Biden seçildiği takdirde bütün bu açıklamalarının oluşturduğu, ayrıca geçmişte Yunanistan’a yakınlığının da dikkat çektiği yüklü bir envanterden söz ediyoruz. Gelgelelim bir de madalyonun ABD’nin stratejik çıkarlarının baskın olduğu diğer yüzü var.
Biden, Obama’nın başkan yardımcısı olarak görev yaptığı dönemde Türkiye’yi birçok kez ziyaret etmiş, Erdoğan’ı tanıyan, Türkiye ile ABD arasındaki ilişkilerin önemini vurgulamış olan bir siyasetçi. Dış politika alanındaki geniş tecrübesiyle Türkiye’nin bulunduğu bölgedeki etkisini, kapasitesini göz ardı edemeyecektir. Bu çerçevede ABD’nin Türkiye’deki ve bölgedeki çıkarları, seçildiği takdirde Biden’ı Türkiye ve Cumhurbaşkanı Erdoğan ile yakın bir çalışma ilişkisi kurma arayışına yöneltecektir.
Burada iki tarafın bu ilişkide nasıl bir denge bulacakları kritik bir sorudur. Bu dengeyi bulabilmeleri zaman da alabilir. Bu arada, Türkiye’de ifade özgürlüğünün durumu gibi başlıkların Demokrat bir yönetimde ABD’nin resmi söylemine de gireceğini tahmin etmek güç değildir. Bu yönleriyle ilişkinin biraz daha ‘çekişmeli’ bir görüntü kazanması söz konusu olabilir.

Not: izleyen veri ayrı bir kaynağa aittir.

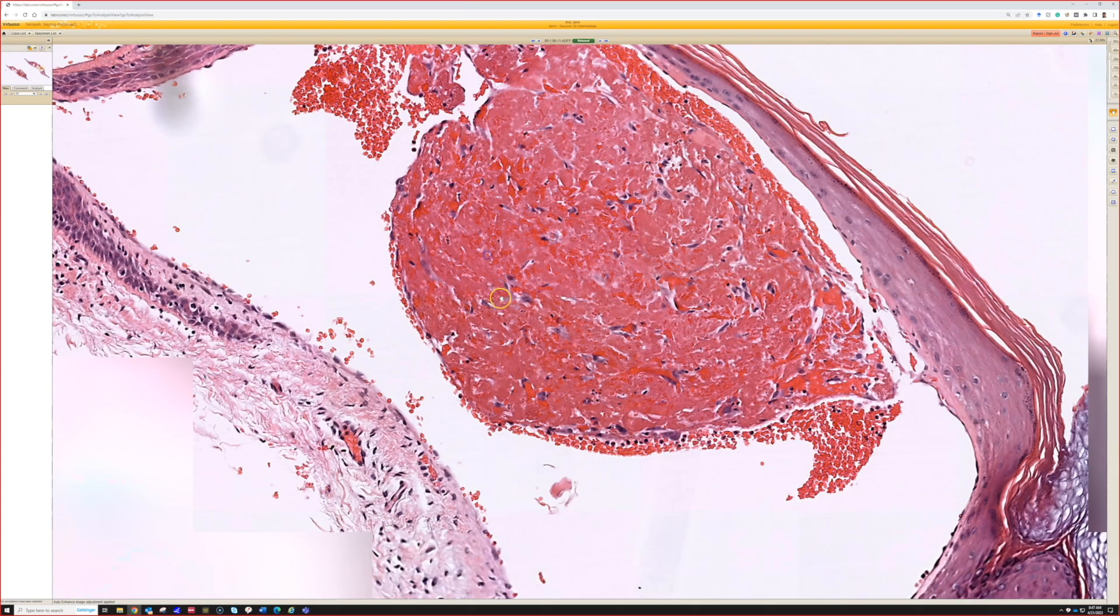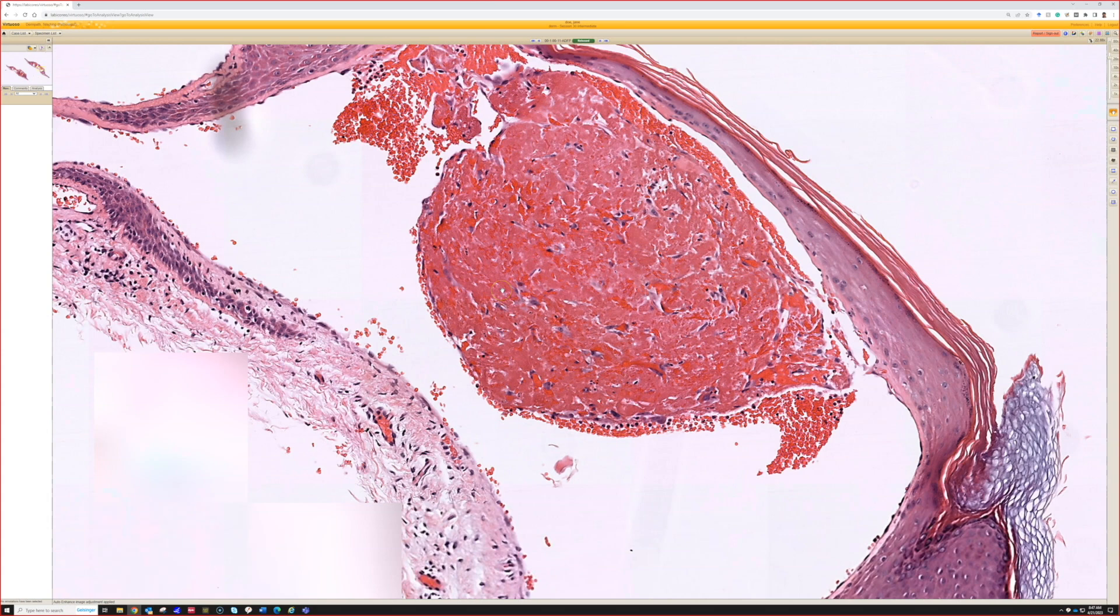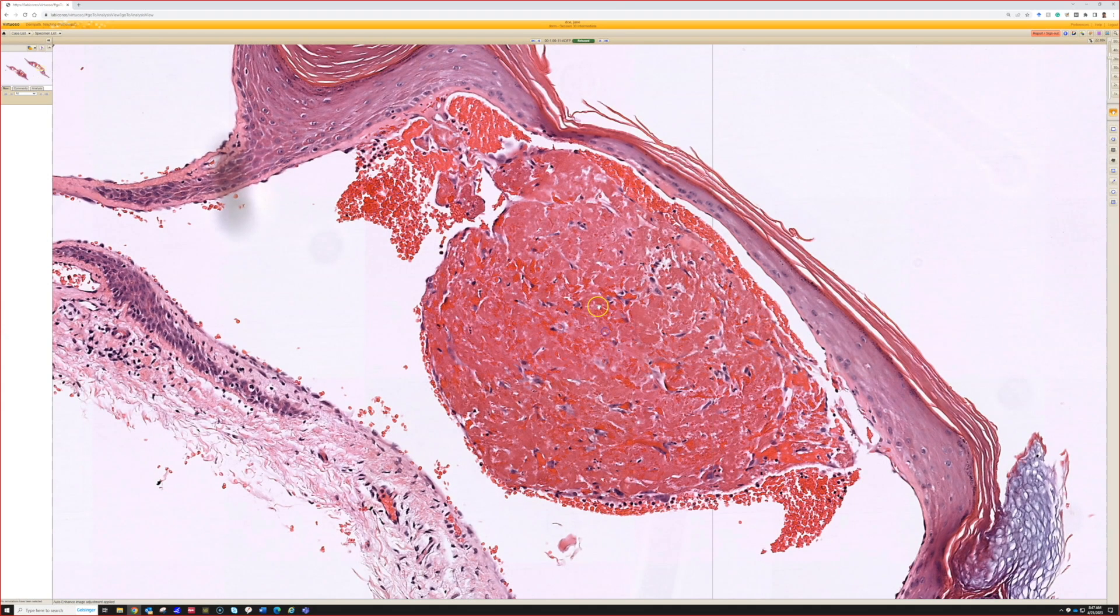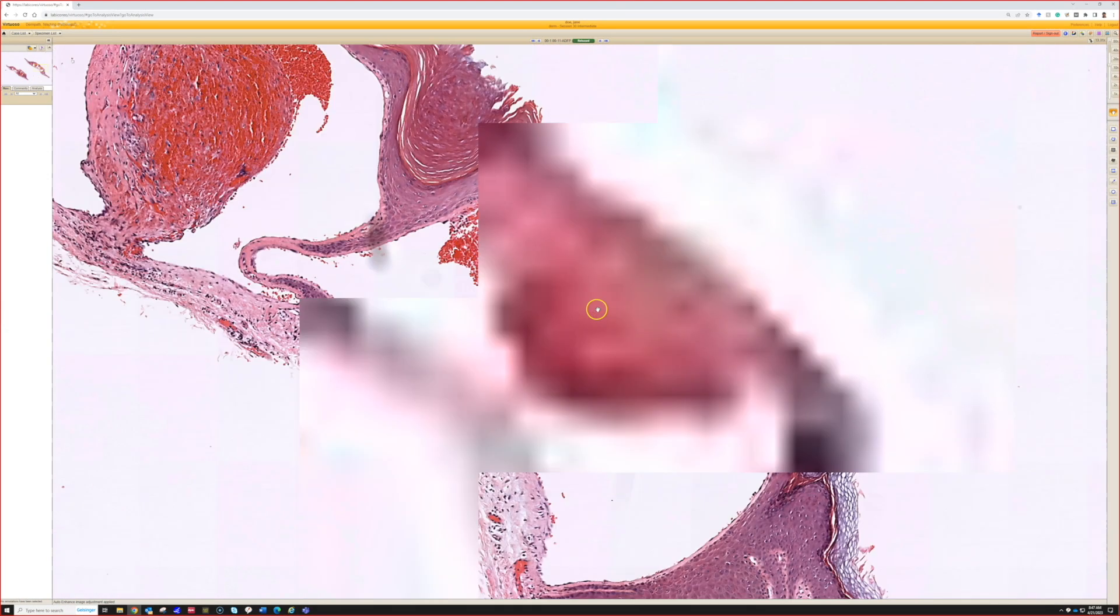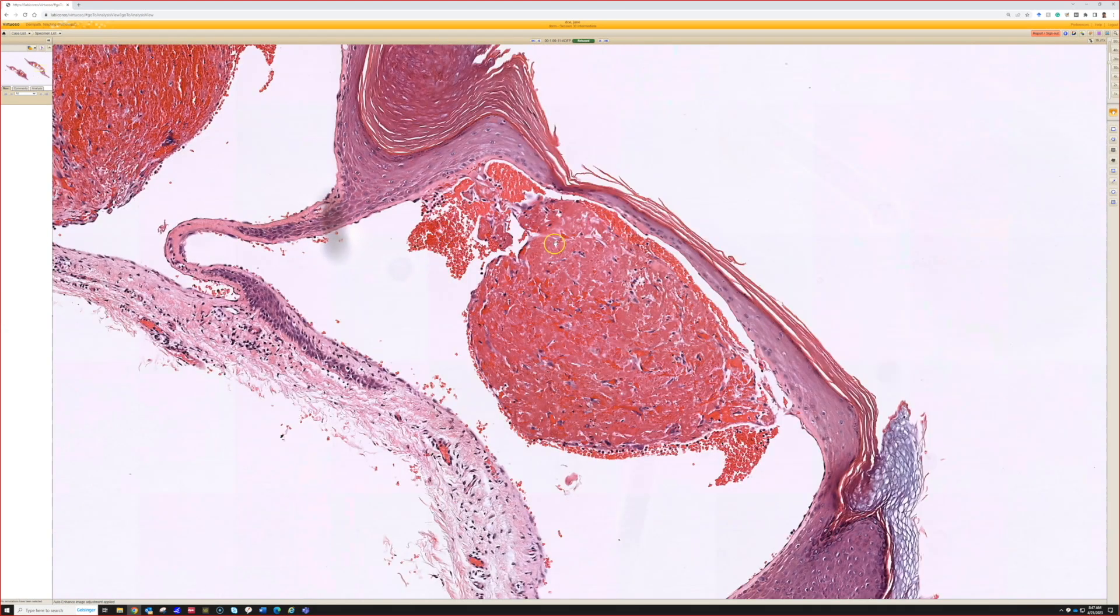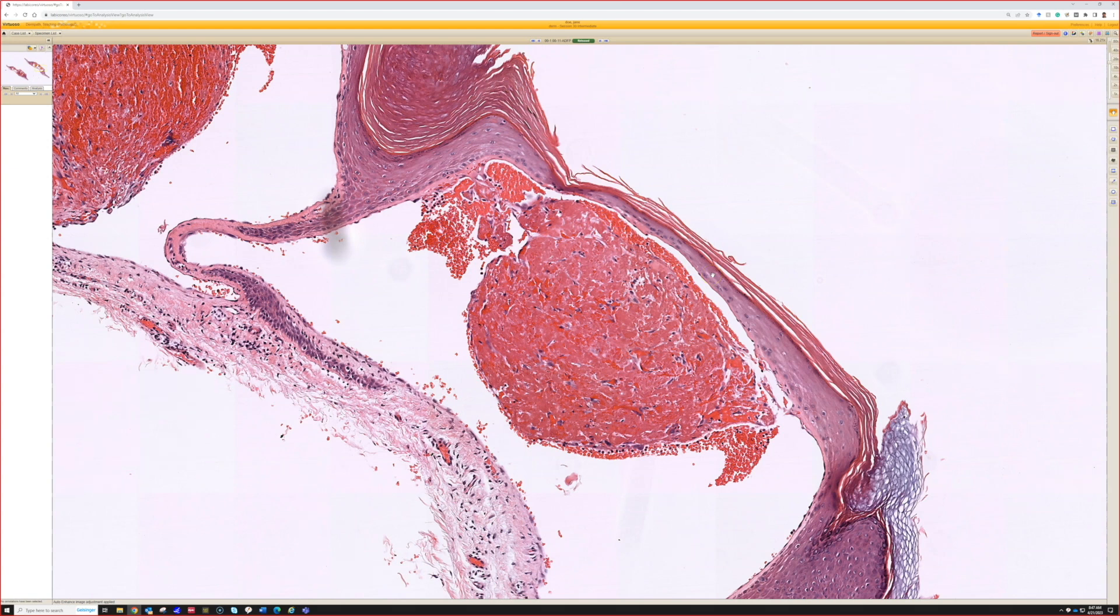So here I would call this angiokeratoma with focal organizing thrombus. These also oftentimes break open on the skin and bleed to the surface. They often, I feel, get traumatized and have hemorrhage and ulceration on top. Totally normal.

Bu arada S-400 başlığının, -ister Trump seçilsin ister Biden- ciddi bir pürüz olarak ilişkilerin gündemini meşgul edeceğini söylemeliyiz. Keza ABD’nin Fırat’ın doğusunda YPG’ye verdiği destekte değişikliğe gitmesi her iki senaryoda da uzak bir ihtimal gibi görünüyor.
Her halükârda bütün sorunların iç içe geçtiği son derece zor ve karmaşık bir gündem bekliyor Türkiye ile ABD arasındaki ilişkileri bugünkü ABD başkanlık seçimi sonrasında da.